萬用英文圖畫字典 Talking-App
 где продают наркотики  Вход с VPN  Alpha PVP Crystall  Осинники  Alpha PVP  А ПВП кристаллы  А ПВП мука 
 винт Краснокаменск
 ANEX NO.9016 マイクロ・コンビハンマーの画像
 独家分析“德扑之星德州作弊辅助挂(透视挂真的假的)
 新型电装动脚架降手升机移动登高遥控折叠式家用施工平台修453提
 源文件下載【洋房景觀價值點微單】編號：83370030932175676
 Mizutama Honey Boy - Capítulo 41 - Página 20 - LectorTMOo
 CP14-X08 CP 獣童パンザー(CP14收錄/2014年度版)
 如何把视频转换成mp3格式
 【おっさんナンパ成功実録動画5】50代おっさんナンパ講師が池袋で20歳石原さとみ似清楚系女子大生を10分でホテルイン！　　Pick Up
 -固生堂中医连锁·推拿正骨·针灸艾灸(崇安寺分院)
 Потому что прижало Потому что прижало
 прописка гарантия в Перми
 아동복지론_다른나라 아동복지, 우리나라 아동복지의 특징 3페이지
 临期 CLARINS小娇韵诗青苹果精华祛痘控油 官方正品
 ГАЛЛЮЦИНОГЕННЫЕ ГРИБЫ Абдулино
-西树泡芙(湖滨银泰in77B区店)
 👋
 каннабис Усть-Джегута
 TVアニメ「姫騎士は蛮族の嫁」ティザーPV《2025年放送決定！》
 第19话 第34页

_ _ _ _ _ _ _

- [ASSIGNMENT]:
Each line from the top of the data, up to and including the line that contains "源文件下載【洋房景觀價值點微單】編號：83370030932175676", should be set down exactly.

- [WRITTEN RESPONSE]:
萬用英文圖畫字典 Talking-App
 где продают наркотики  Вход с VPN  Alpha PVP Crystall  Осинники  Alpha PVP  А ПВП кристаллы  А ПВП мука 
 винт Краснокаменск
 ANEX NO.9016 マイクロ・コンビハンマーの画像
 独家分析“德扑之星德州作弊辅助挂(透视挂真的假的)
 新型电装动脚架降手升机移动登高遥控折叠式家用施工平台修453提
 源文件下載【洋房景觀價值點微單】編號：83370030932175676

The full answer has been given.